About this universe
Michael Thorne, shrunken to five inches tall, must navigate daily life and mounting intimacy in the care of three very different roommates. As boundaries blur, the comforts and dangers of dependency reveal hidden urges and shifting alliances. Survive the semester, secure your stipend, and discover what intimacy means when size changes everything.
Tone
Intimate and tense, with an undercurrent of dark curiosity and vulnerability.
Themes
power and dependence, intimacy vs. possession, emotional honesty, boundaries and transgression
Protagonist
Michael Thorne
Michael Thorne wears the wariness of someone perpetually out of place, his movements precise and careful, his gaze flickering with a mix of stubborn humor and unease. Five inches tall, he’s wiry, with tousled brown hair and sharp blue eyes. Dressed in a miniature shirt and sweatpants, he carries himself with the quiet determination of a student who refuses to be a novelty, or a victim.
Goal: To eat breakfast and navigate the immediate situation without incident.
How it begins
Michael steadies himself on the rim of a ceramic cereal bowl, peering across the vast expanse of the kitchen table. The air smells like coffee and vanilla. Serena’s enormous hand drops a spoon with casual force, and the table trembles under Michael’s feet.
“You’re gonna want to eat fast,”
Serena announces, grinning down at him. Her hazel-green eyes flick briefly to Naomi, who hovers uncertainly nearby, hands tucked into her cardigan sleeves. Emily bounces into view, arms full of cereal boxes, her hair a pink-streaked mess.

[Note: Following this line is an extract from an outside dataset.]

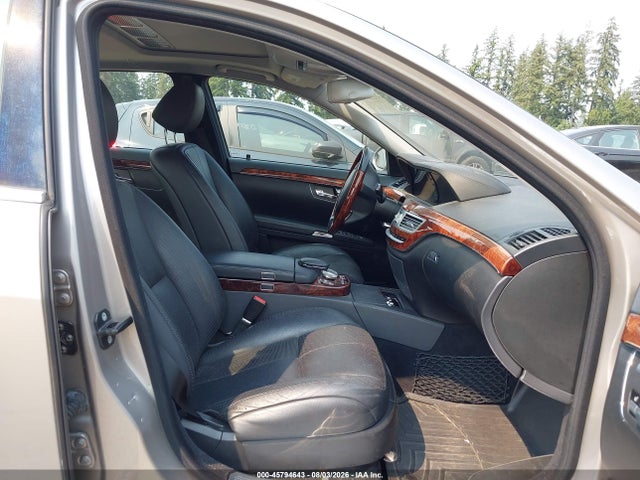45794643 :رقم المزاد ، WDDNG71X87A050886 vin ، 2007 Mercedes-benz S 550 مزاد بيع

“What do you want, tiny dude? We’ve got chocolate, honey, fiber stuff, ”
She pours a mountain of cereal next to Michael’s bowl, sending a few boulders tumbling his way. Naomi leans closer, voice barely above a whisper.
“Do you need help?”
Michael’s heart pounds. Every gesture around him is another avalanche, every word a gust of wind. He tries to steady his nerves, glancing between the three faces looming above, each so different: Serena’s teasing smile, Emily’s eager warmth, Naomi’s anxious focus. He lifts his voice, hoping to be heard over the noise.
“I’m okay. Just… give me a second.”
His spoon feels awkward and heavy. The three roommates watch, silent for a beat, as Michael tries not to look overwhelmed.
About this world
At Westbridge University, select students volunteer to shrink to just a few inches tall as part of the Miniature Living Initiative. Handlers, regular-sized students, are tasked with their care, resulting in a campus microcosm defined by improvised accommodations, outsized intimacy, and shifting power dynamics. The program is both a spectacle and a social experiment on dependency and control.
Westbridge University sprawls across a leafy college town, its red brick halls and modern labs blending old academic tradition with experimental ambition. The Miniature Living Initiative (MLI) is the school’s most infamous program: each semester, a handful of students undergo safe, reversible miniaturization, shrinking to between three and six inches in height. Their daily survival depends on the generosity and competence of assigned student handlers, who house, transport, and protect their charges for a lucrative stipend.
The MLI apartments are a micro-world within the larger campus: dollhouses and playsets double as bedrooms, kitchen counters become mountains, and the ordinary bustle of student life becomes hazardous. Despite official guidelines on professionalism and consent, most handlers are unprepared for the emotional and practical realities of caring for someone so small. Public curiosity is high, rumors swirl about the ‘pet-sized roommates’, fueling a strange fame for participants.
Handler-minis pairings are as much psychological as logistical. Some handlers treat minis with warmth or awe, others as curiosities or amusements. Boundaries blur over time, shaped by constant proximity, physical vulnerability, and the casual intimacy of daily care. The program’s tech is advanced but not omnipresent: miniaturized participants have access to tiny computers, wearable communications, and some custom furniture, but much depends on improvisation and the good will of their handlers.
Outside, Westbridge is lively and picturesque, but for the minis, the apartment is often the entire world, its ecosystem defined by the personalities, needs, and impulses of both roommates and their tiny charge. The semester’s stakes are survival, stipend, and the shifting lines between dependency, trust, and possessiveness.